▼

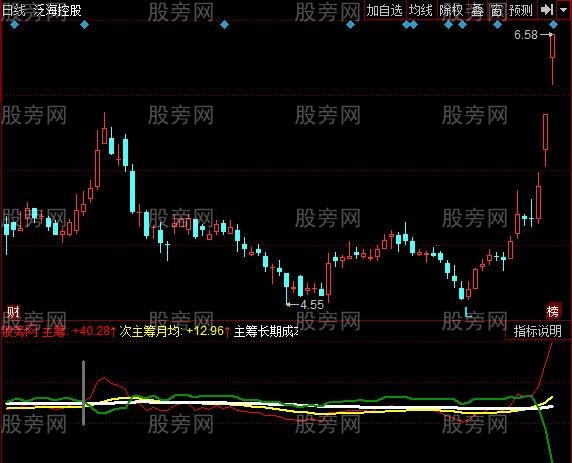 同花顺主筹运轨指标公式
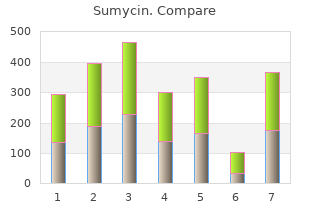 order on line sumycin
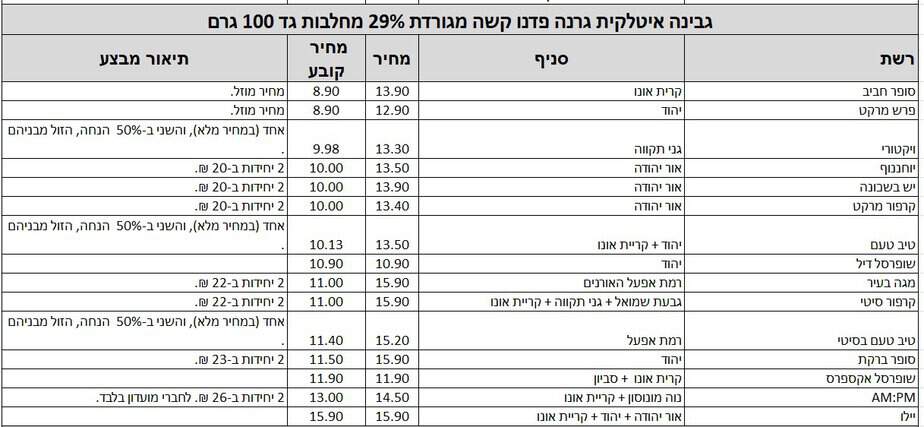 המוצרים מעודכנים על פי אפליקציית Pricez לפי תאריך 6.6.2024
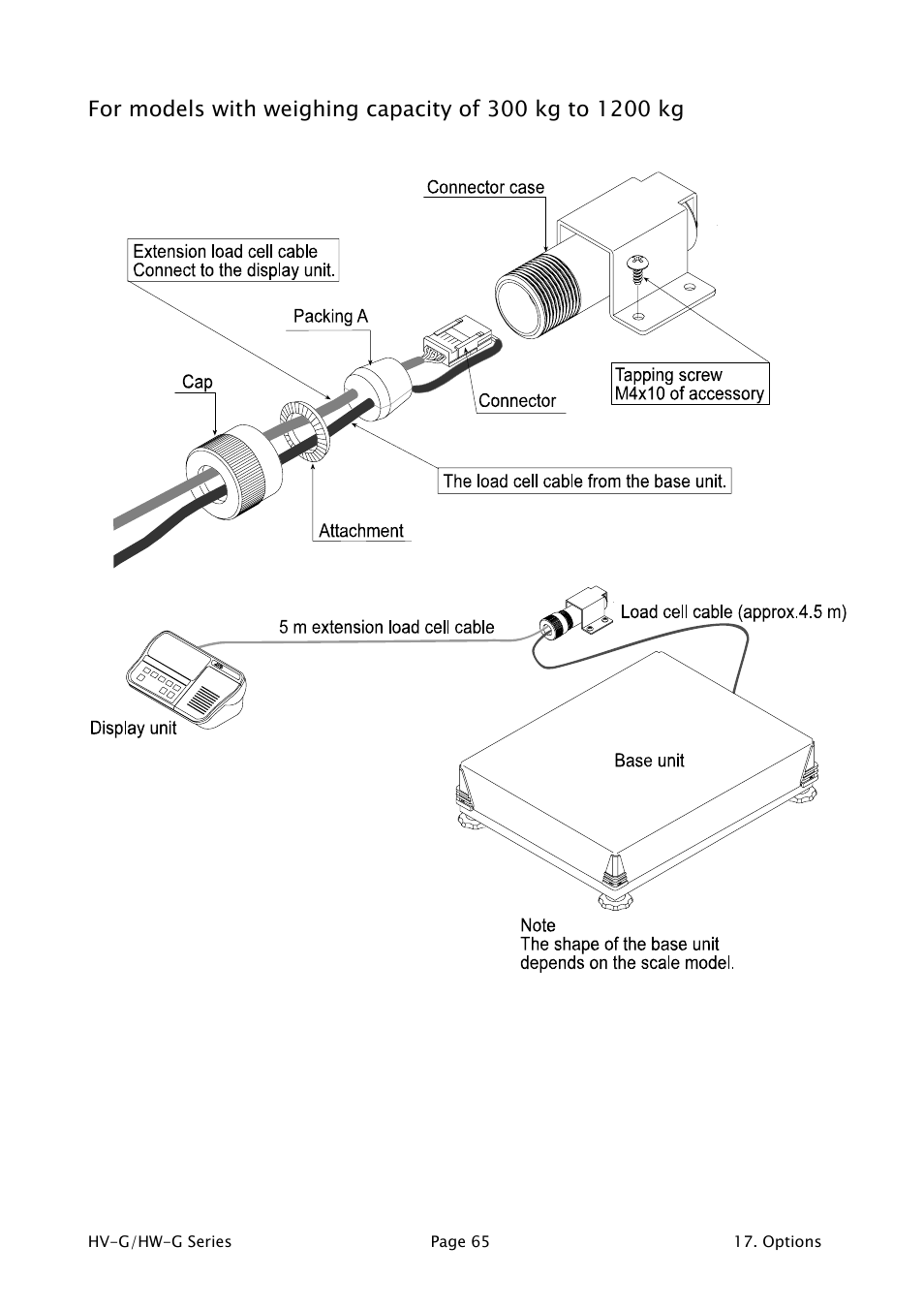 A&D Weighing HW-1200KGV3 User Manual | Page 67 / 86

▲

■ **TASK GOAL**
The task calls for every line of the data to be returned exactly, without pictures.

■ **EXERCISE RESULT**
 同花顺主筹运轨指标公式
 order on line sumycin
 המוצרים מעודכנים על פי אפליקציית Pricez לפי תאריך 6.6.2024
 A&D Weighing HW-1200KGV3 User Manual | Page 67 / 86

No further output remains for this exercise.